A Dubai-based technology expert followed a suicide bomber into a UN building just seconds before he was blown up, video footage has shown.
The suicide bomber is seen entering the UN building in Islamabad disguised as a police officer, as Botan Al-Hayawi follows just steps behind.
The footage, released by the UN, shows the bomber open the main door as UN worker Al-Hayawi unwittingly followed him in while the door was still open.
Seconds later, there is a massive explosion that kills Al-Hayawi and four other workers at the UN World Food Programme in the Pakistan capital. The suicide bomber was also killed in the October 5 attack.
Al-Hayawi, a Kurdish Iraqi, had been living in the Springs in Dubai with his wife and three children and had travelled to Islamabad to upgrade a communications system.
The attack came just months after Botan expressed his fears about a suicide attack in an online diary.
He noted that a UN co-worker left Lahore just before a devastating suicide bombing attack.
“Two policemen killed and eight injured. It seems he left at the right time. Lucky man [touch wood],” he wrote.
Dubai-based UN colleagues yesterday described him as a very kind-hearted and generous man who carried out life-saving work for the World Food Programme (WFP) with little fuss.

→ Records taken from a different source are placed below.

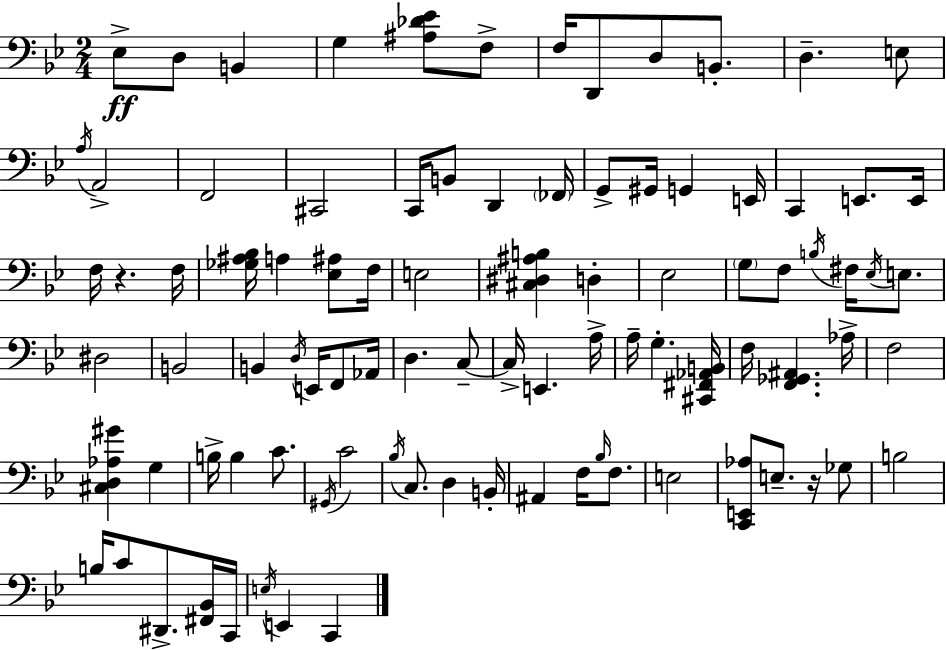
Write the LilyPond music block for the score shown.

{
  \clef bass
  \numericTimeSignature
  \time 2/4
  \key g \minor
  ees8->\ff d8 b,4 | g4 <ais des' ees'>8 f8-> | f16 d,8 d8 b,8.-. | d4.-- e8 | \break \acciaccatura { a16 } a,2-> | f,2 | cis,2 | c,16 b,8 d,4 | \break \parenthesize fes,16 g,8-> gis,16 g,4 | e,16 c,4 e,8. | e,16 f16 r4. | f16 <ges ais bes>16 a4 <ees ais>8 | \break f16 e2 | <cis dis ais b>4 d4-. | ees2 | \parenthesize g8 f8 \acciaccatura { b16 } fis16 \acciaccatura { ees16 } | \break e8. dis2 | b,2 | b,4 \acciaccatura { d16 } | e,16 f,8 aes,16 d4. | \break c8--~~ c16-> e,4. | a16-> a16-- g4.-. | <cis, fis, aes, b,>16 f16 <f, ges, ais,>4. | aes16-> f2 | \break <cis d aes gis'>4 | g4 b16-> b4 | c'8. \acciaccatura { gis,16 } c'2 | \acciaccatura { bes16 } c8. | \break d4 b,16-. ais,4 | f16 \grace { bes16 } f8. e2 | <c, e, aes>8 | e8.-- r16 ges8 b2 | \break b16 | c'8 dis,8.-> <fis, bes,>16 c,16 \acciaccatura { e16 } | e,4 c,4 | \bar "|."
}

A colleague said he was a great worker and loving family man.
“He was an extremely nice person who never sought to be the centre of attention. He just did a great job,” he said. He had travelled all over the world with a rapid-response team to set up communications networks for UN emergency relief workers. His two oldest children, an 11-year-old boy and a nine-year-old girl, were taken out of Dubai schools last week as the family prepared to return to Iraq, along with their mother and ten-month-old baby brother.

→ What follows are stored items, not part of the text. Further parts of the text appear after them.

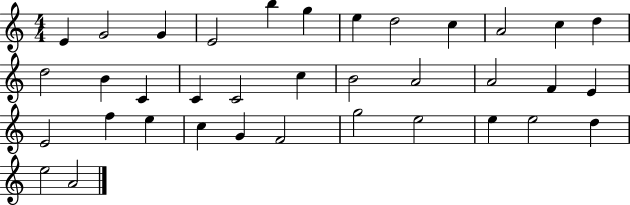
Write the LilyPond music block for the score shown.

{
  \clef treble
  \numericTimeSignature
  \time 4/4
  \key c \major
  e'4 g'2 g'4 | e'2 b''4 g''4 | e''4 d''2 c''4 | a'2 c''4 d''4 | \break d''2 b'4 c'4 | c'4 c'2 c''4 | b'2 a'2 | a'2 f'4 e'4 | \break e'2 f''4 e''4 | c''4 g'4 f'2 | g''2 e''2 | e''4 e''2 d''4 | \break e''2 a'2 | \bar "|."
} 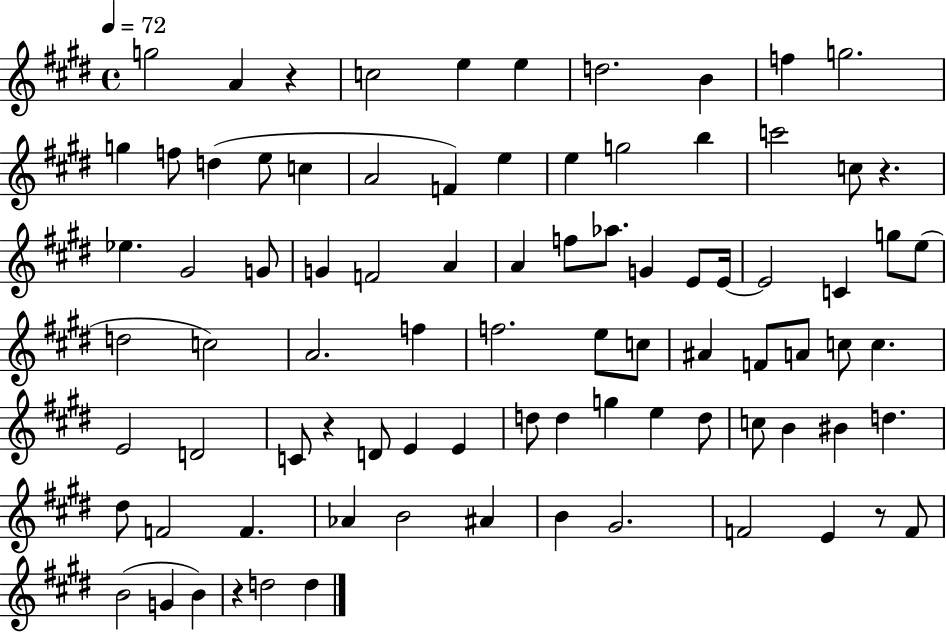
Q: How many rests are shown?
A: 5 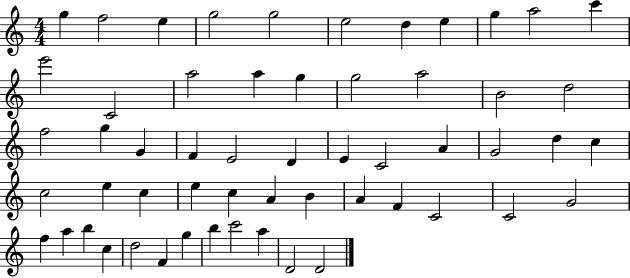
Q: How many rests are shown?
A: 0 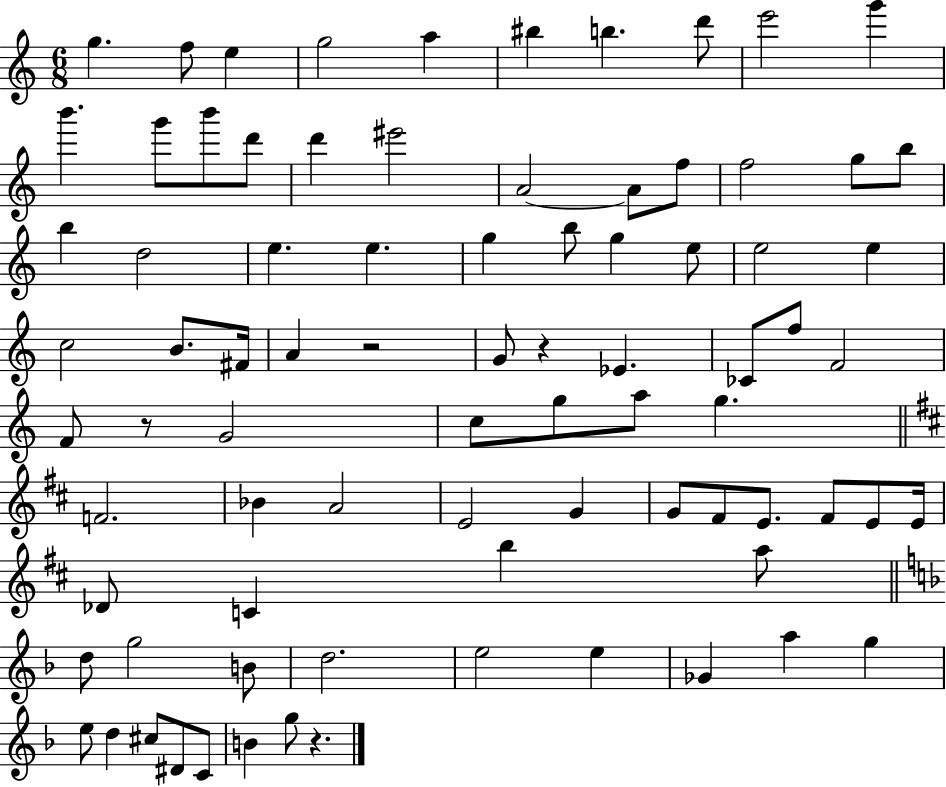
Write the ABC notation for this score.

X:1
T:Untitled
M:6/8
L:1/4
K:C
g f/2 e g2 a ^b b d'/2 e'2 g' b' g'/2 b'/2 d'/2 d' ^e'2 A2 A/2 f/2 f2 g/2 b/2 b d2 e e g b/2 g e/2 e2 e c2 B/2 ^F/4 A z2 G/2 z _E _C/2 f/2 F2 F/2 z/2 G2 c/2 g/2 a/2 g F2 _B A2 E2 G G/2 ^F/2 E/2 ^F/2 E/2 E/4 _D/2 C b a/2 d/2 g2 B/2 d2 e2 e _G a g e/2 d ^c/2 ^D/2 C/2 B g/2 z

The World Food Programme Dubai operation flew them back to their home country this week as it continued to help three other blast victims who were flown to Dubai for treatment.
One Pakistani man lost his left eye in the attack and is being treated at Dubai’s Neurospinal Hospital for severe leg injuries and loss of hearing in one ear.
The WFP also hurried to fly family members into Dubai to visit the injured.
Meanwhile, the UAE government yesterday confirmed that it has taken in about 27 UN workers from Kabul following Wednesday’s devastating suicide attack on a UN guesthouse.
Two Taliban gunmen stormed the house, killing 11 people, eight of them UN foreign staff.
The UAE ambassador to the UN said the UAE flew the 27 into the country after granting them urgent entry visas.
He added that the UAE is helping the UN to issue passports to allow the Kabul staff to return home shortly.